# Advice on new layout boat accessories



## dsoy28

Summer project was a build of a few hybrid NL layout boats with a couple buds. Never had one till this, now that its done and legal looking for suggestions on an affordable cockpit cover/blind and a motor. Debating between electric and gas, whichever will get me there with the least weight, I believe the plans said its rated for up to four or five hp. 


Posted using Outdoor Hub Campfire


----------



## dsoy28

Posted using Outdoor Hub Campfire


----------



## ldrjay

Sweet man. How do they do with waves? I think it would depend on how far your going.

Sent from my SCH-I535 using Ohub Campfire mobile app


----------



## dsoy28

Hasn't been tested in the lake yet, will stay closer to shore and def won't be taking it out in much more than a chop. They are super stable tho. 


Posted using Outdoor Hub Campfire


----------



## garhtr

NICE ! ! I always wanted to try hunting in a Lay-out boat. Sure looks like fun. I peeked at the new duck bag limits for the up coming season and I believe we will be able to harvest  2 Canvasback per day. Down side -- only 3 b-bills. Good Luck ! How many hours do you have invested in your boat, any idea of how much it weighs ?


----------



## dsoy28

Probably about 20 total hours and about 275$ into it, I think last time I checked it tips the scale at about 90 lbs, little heavier than I thought but did a few extra layers of resin when we did the fiberglass work. 

posted using Outdoor Hub Campfire


----------



## BaddFish

Go on GreatLakesWaterfowler.com lots of knowledgeable guys on there that can help with layout stuff, etc..


----------



## dsoy28

Yea I posted on glw a while back with zero replies ha.

posted using Outdoor Hub Campfire


----------



## bcinerie

I would get some grass Mats and the A 2.5 hp 4 stroke or 2 stroke ! Make sure you have your flares whistle throwable etc 


Posted using Outdoor Hub Campfire


----------



## dsoy28

i gotta try and test out a buddy's 30 # trolling motor to see how it pushes it, i really have no clue how much hp or # thrust it would take to push this thing around. when it's hand powered all i need is a flashlight, whistle and pfd. once i put a motor on it i'll need to find some simple nav lights and a few other things. itching to test it out though.


----------



## Nelliboy2

Are you wanting to hunt open water or marsh? 

If marsh I'd be yanking off some layout blind doors or fashioning up my own for it. I would also be stapling so type of material to create brush straps. I think that will go a long way in hiding it.

If open water.....I'd be painting it a different color and creating doors in the same color.
Sent from my DROID RAZR HD using Ohub Campfire mobile app


----------



## dsoy28

I would like to have the option to hunt public marsh as well as the lake.
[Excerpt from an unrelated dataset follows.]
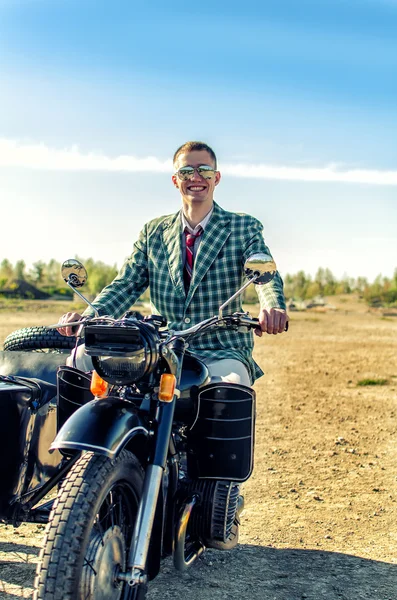 Um tipo elegante numa mota com um sidecar — Fotografia de Stock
I won't necessarily be hunting really open water on the lake, but tucked up against the rocks (would have really been fun to get drawn east Sandusky bay with this). Thinking maybe screwing in snaps around the cockpit and fitting some camo canvas would work for blind doors, ,magnets or Velcro to keep em shut. As far as cover, am hoping some mud, camo burlap and any surrounding brush would be the ticket, but do I even need that if I'm just tucked up against the rocks on the Lake Erie shoreline?
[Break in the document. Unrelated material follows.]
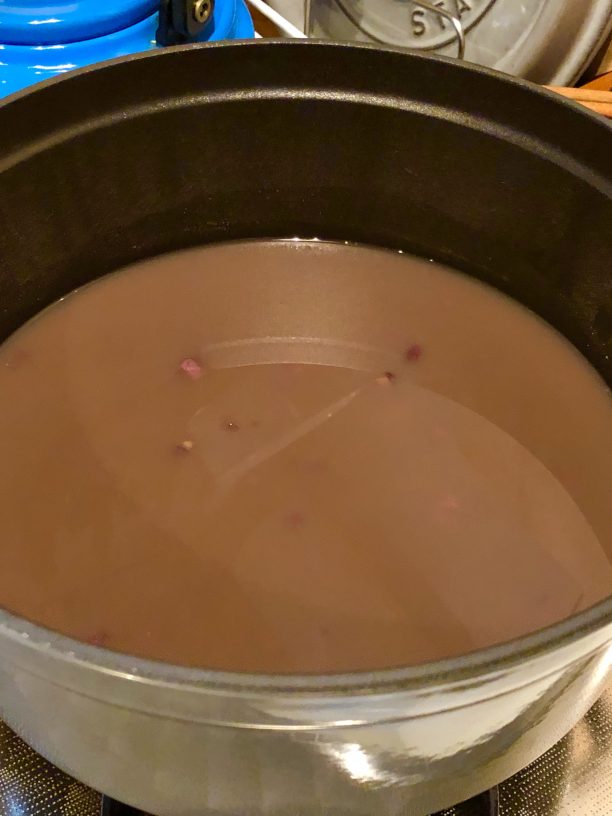 小豆を茹でる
Posted using Outdoor Hub Campfire


----------



## Nelliboy2

dsoy28 said:


> I would like to have the option to hunt public marsh as well as the lake. I won't necessarily be hunting really open water on the lake, but tucked up against the rocks (would have really been fun to get drawn east Sandusky bay with this). Thinking maybe screwing in snaps around the cockpit and fitting some camo canvas would work for blind doors, ,magnets or Velcro to keep em shut. As far as cover, am hoping some mud, camo burlap and any surrounding brush would be the ticket, but do I even need that if I'm just tucked up against the rocks on the Lake Erie shoreline?
> 
> 
> Posted using Outdoor Hub Campfire


To be honest I haven't hunted the bay (plan to this year). I would go ahead and figure out some way to attach brush to it, if you use brush loops such as on a layout blind you can change pretty quickly wither you are hunting metgers magee or the bay. 
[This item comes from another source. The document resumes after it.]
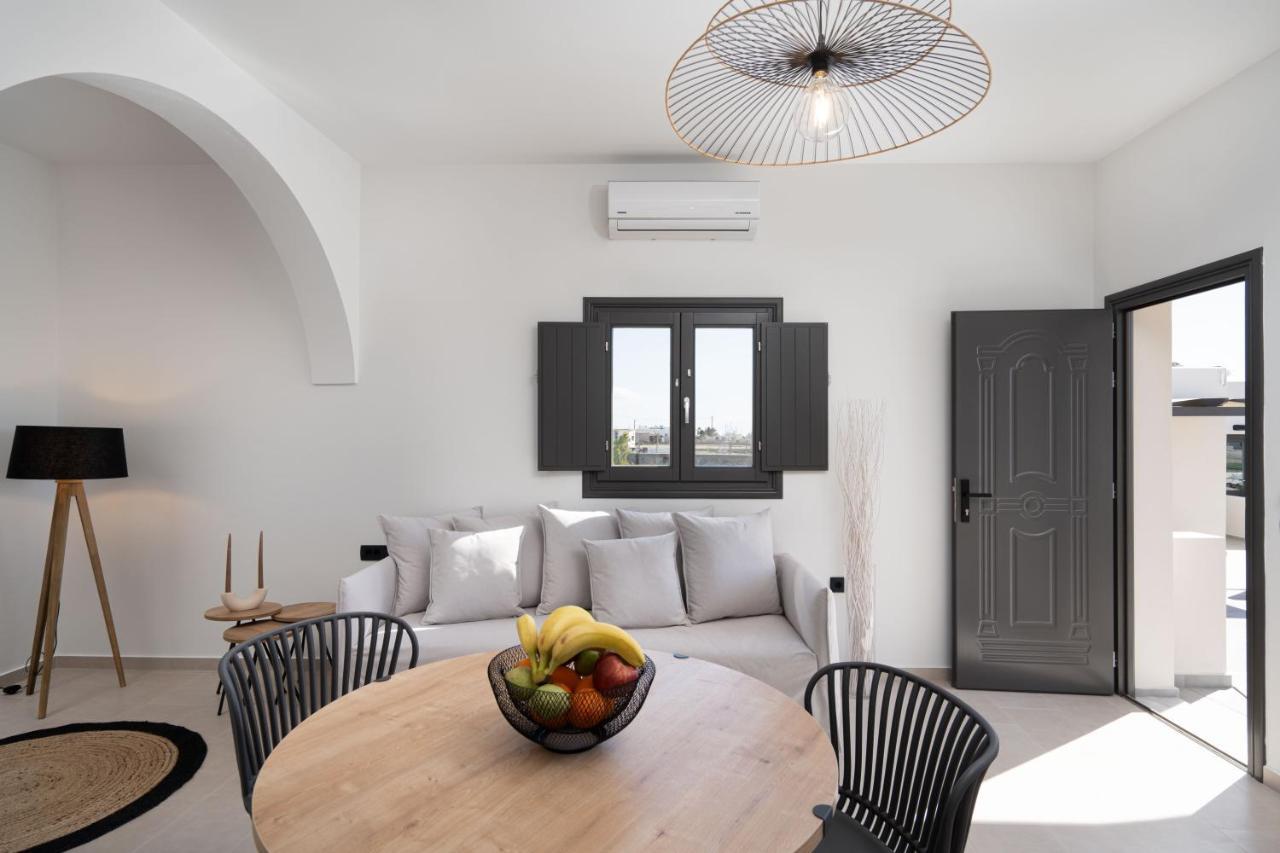 Almira Luxury Suites Perivolos Zewnętrze zdjęcie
I would think willows would be the ticket on the bay along the shoreline. There are a lot of brush hanging over I would think your boat would disappear in. The more you add to it (meaning accessories the more places you can hunt).

I would honestly check into bending condoit or aluminium to make my blind doors. Most places I would think you could benefit from it. I would also try to use a waterproof canvas or some other material as it is heavy duty. 

Magnets are a great way to secure a cover if you fashion one up. The best part is you can make different colors, brown, grey, white and you can hunt any type of water till ice up.

Sent from my DROID RAZR HD using Ohub Campfire mobile app


----------



## Nelliboy2

I would def be putting in some type of back rest in it. If not your going to be hunched up like an 80 year old. Lol

Also are you going to have to mount a bracket so you can hang a motor?

Sent from my DROID RAZR HD using Ohub Campfire mobile app


----------



## dsoy28

Motor mount is easy to put on, As for a backrest, I have a 1x12 that doubles as seat across the top for rowing or motoring, then to lean on as an incline when I'm laying down. 


Posted using Outdoor Hub Campfire


----------



## AC_ESS

Keep it just like that and through a 9.9 on it you'll be fine.. any questions pm me


----------